Fu questa la base delle lotte bracciantili, fatte di scioperi e repressioni durissime da parte delle forze dell’ordine e che portarono a ingiuste condanne da parte della magistratura. Lotte che ebbero buoni risultati in paesi del vercellese come Carisio, Tricerro e Lamporo, dove si conquistarono le otto ore.

Ma il “Regolamento Cantelli” non si applicava ancora ovunque, e importante fu la lotta delle mondine di Vercelli, che proseguirono a proclamare scioperi e a subire cariche delle forze dell’ordine, ma trovarono una forte solidarietà anche nei lavoratori di città, nei contadini e nei commercianti.   

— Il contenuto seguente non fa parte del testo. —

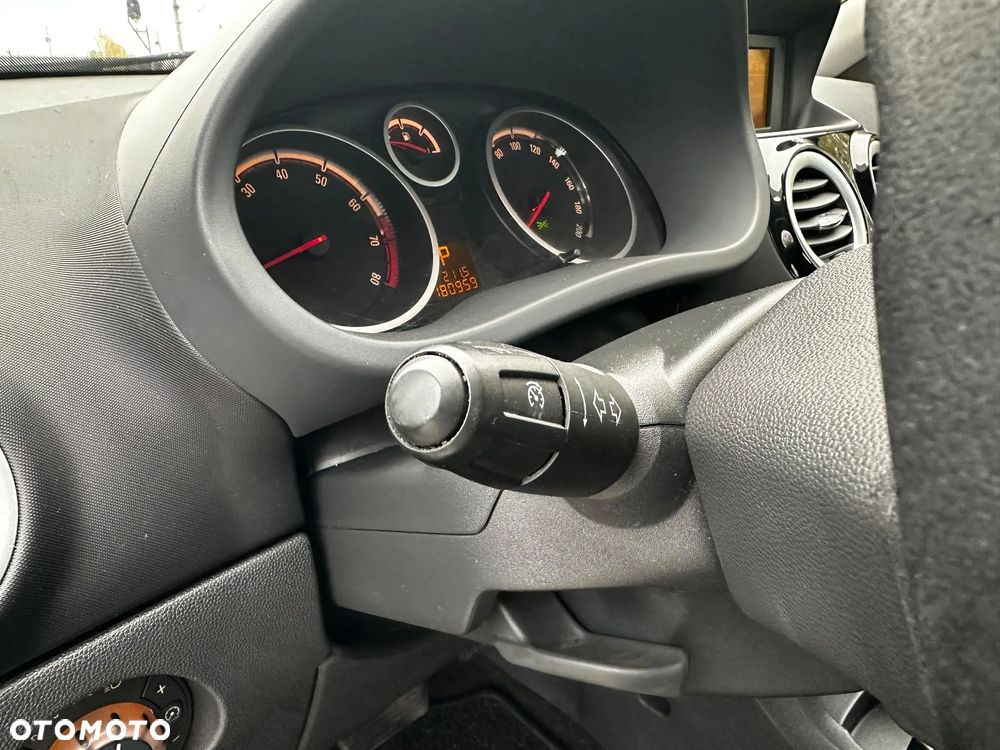 Opel Corsa - 11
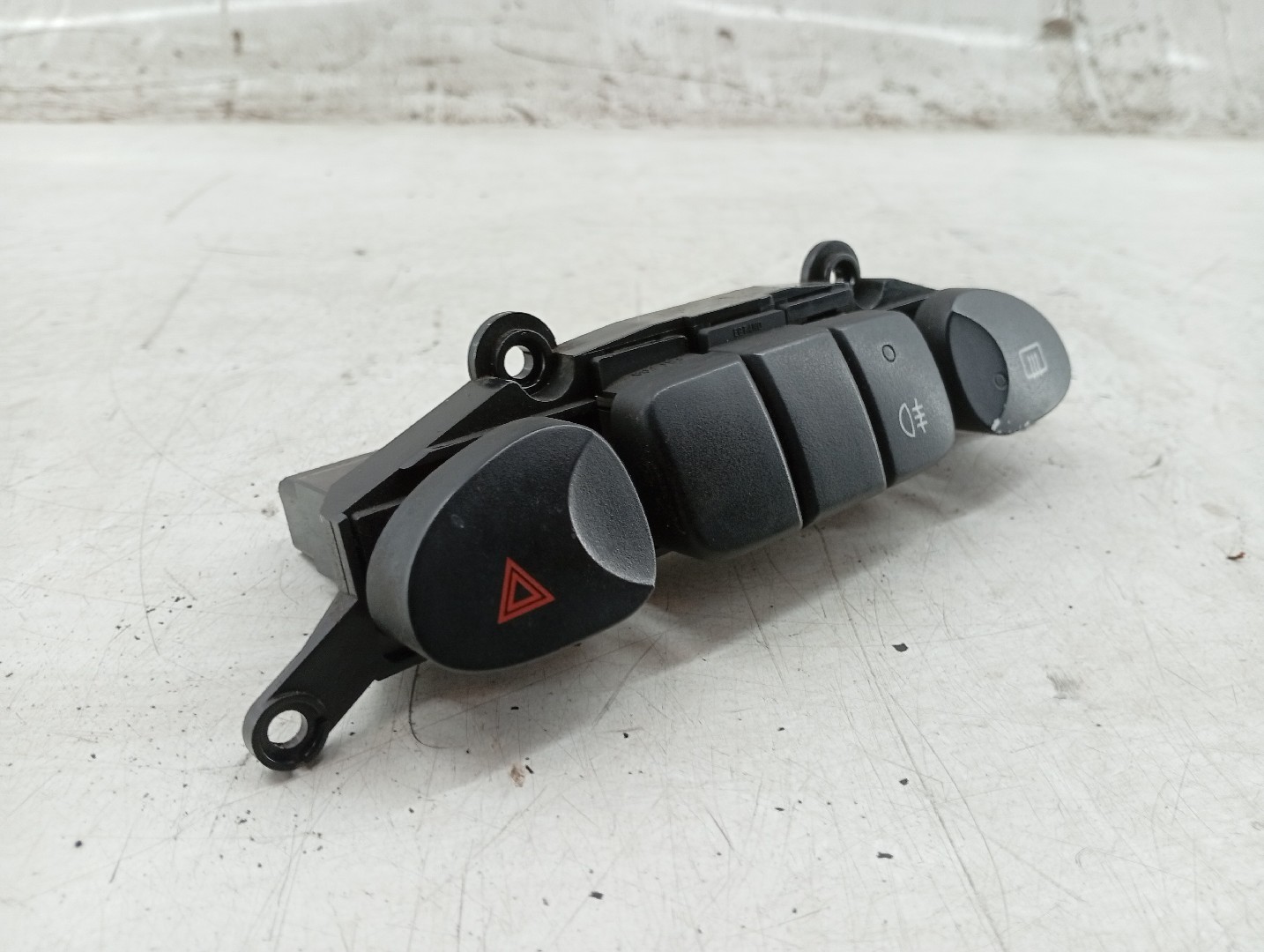 Conjunto de botões do tablier HYUNDAI H-1 / STAREX Veículo multiuso (A1) | 97 - 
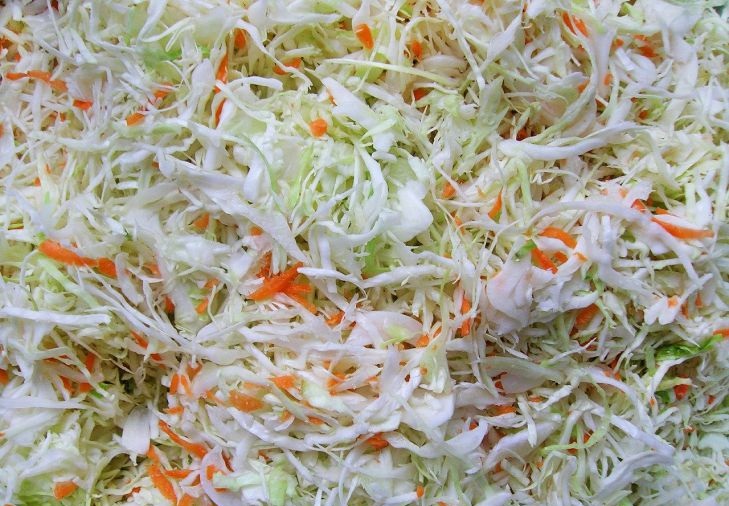Капустный салат, как в советской столовой: благодаря одной хитрости получается тот самый вкус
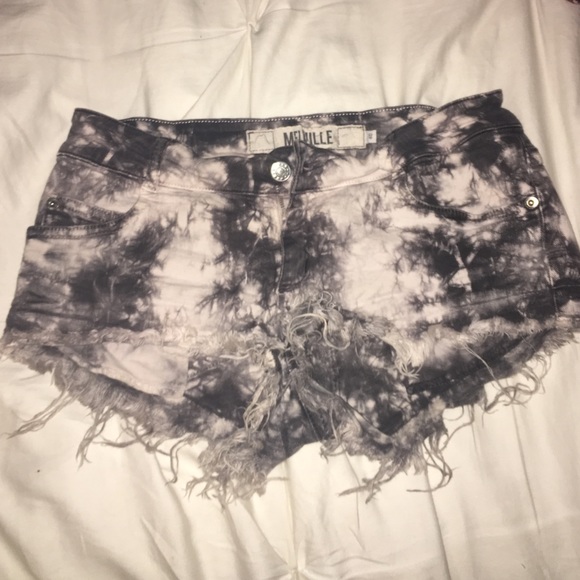 Brandy Melville stretchy acid wash shorts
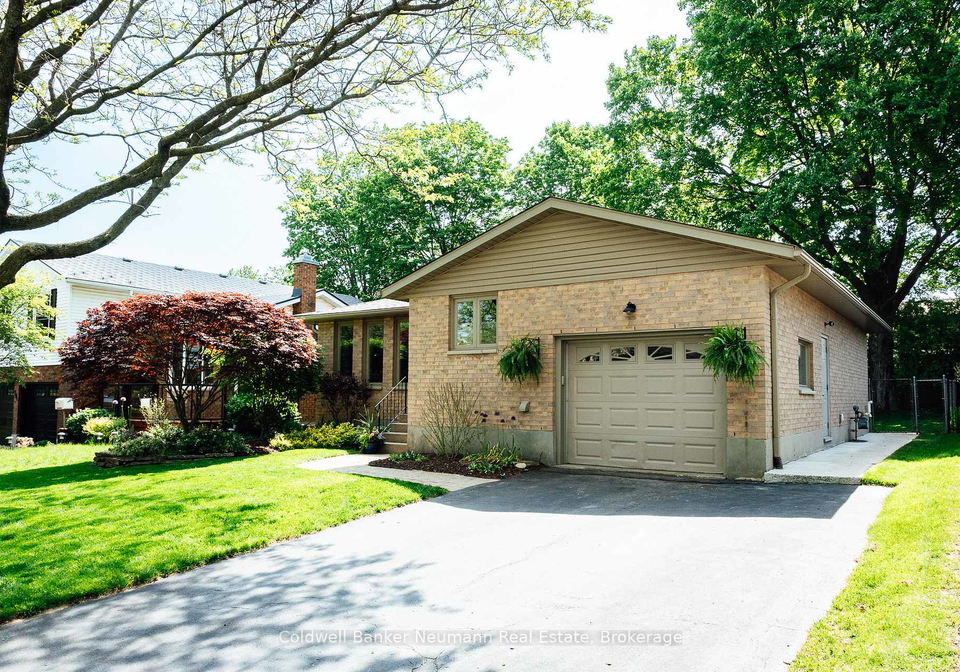 16-suzanna-drive-guelph-ontario-x13213450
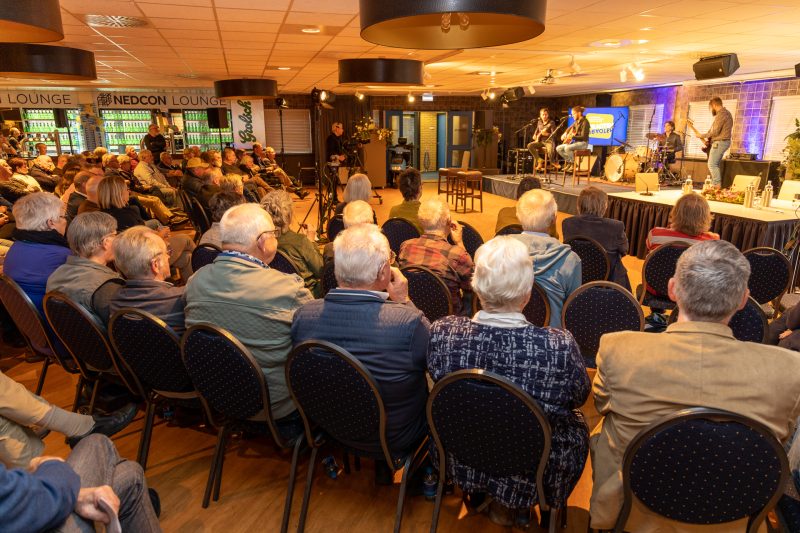Eerder ECAL streektaalsymposium in De Graafschap-stadion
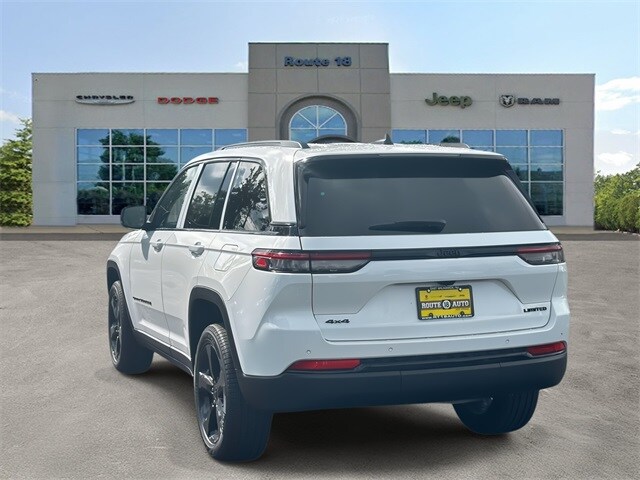 2025 Jeep Grand Cherokee Limited Sport photo 2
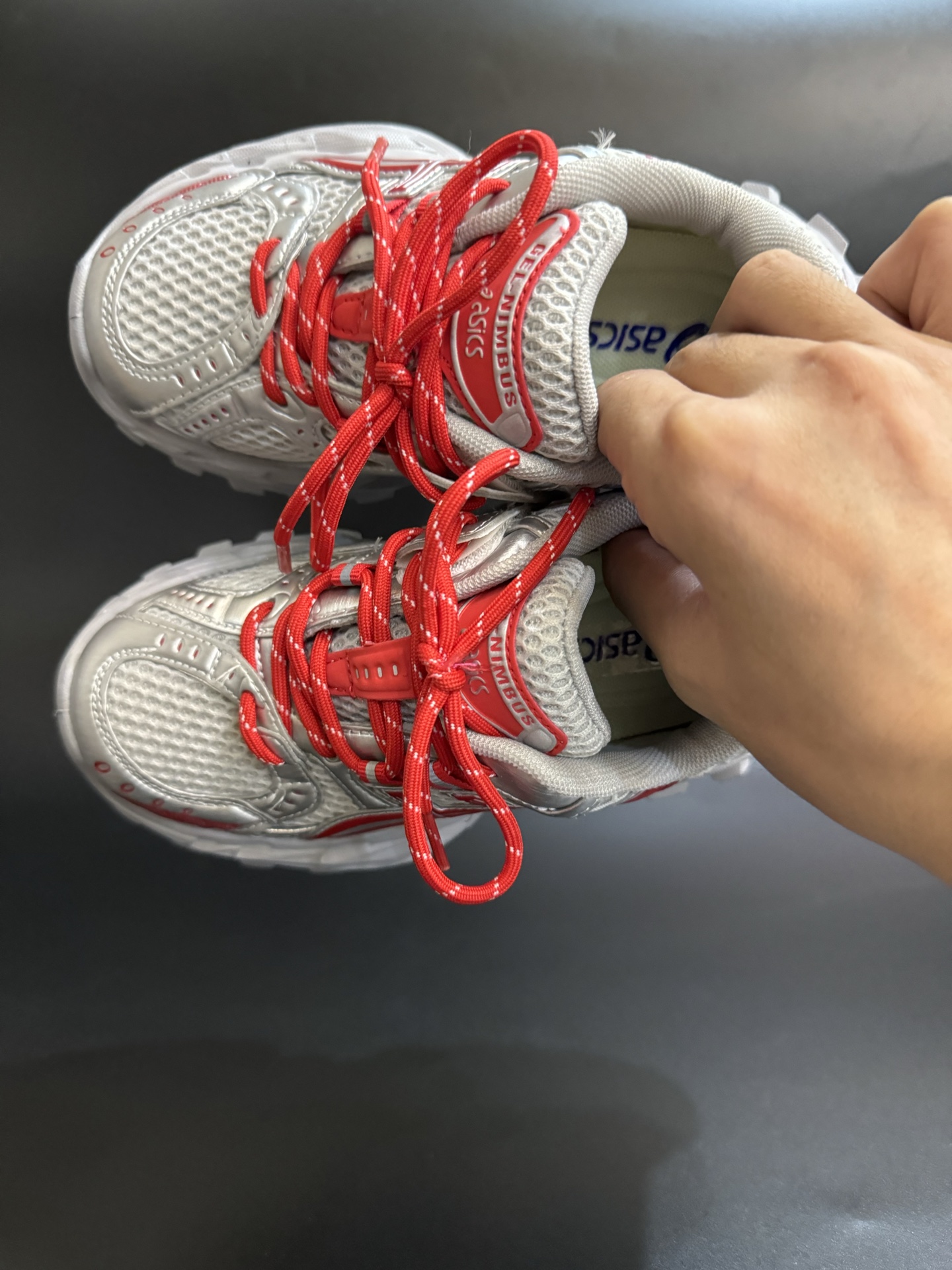 图片[2]-ASICS/亚瑟士 儿童老爹鞋厚底户外越野休闲运动跑步鞋。#透气网眼鞋面搭配合成革材质#采用全新AHAR+橡胶材质, 尺码26-37 透气性鞋面 舒适不闷脚☁️ 耐磨防滑轻便大底，脚感超赞👍🏻-选品中心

Una conquista di civiltà e democrazia

Il primo giugno del 1906, a Vercelli la situazione si fa molto tesa. Scoppiano incidenti e, visto l’alzarsi la situazione che poteva portare a rivolgimenti imprevisti e drammatici, una parte degli agrari cedette alle richieste delle mondine, che ottennero così una paga oraria di 25 centesimi e la giornata lavorativa di otto ore, con la libertà per le squadre di scegliere se lavorarne fino a nove.

Fondamentale per la lotta di braccianti e contadini fu la figura dell’avvocato socialista Modesto Cugnolio, che difendeva i lavoratori dall’accusa di “attentato alla libertà del lavoro”: ovvero, per aver scioperato. 

La conquista delle mondine vercellesi sarà così un punto di riferimento per l’intero movimento operaio e contadino italiano. Una conquista di civiltà e democrazia in tempi difficili, dove combattere per i propri diritti voleva dire mettere a rischio la propria libertà e non di rado la vita.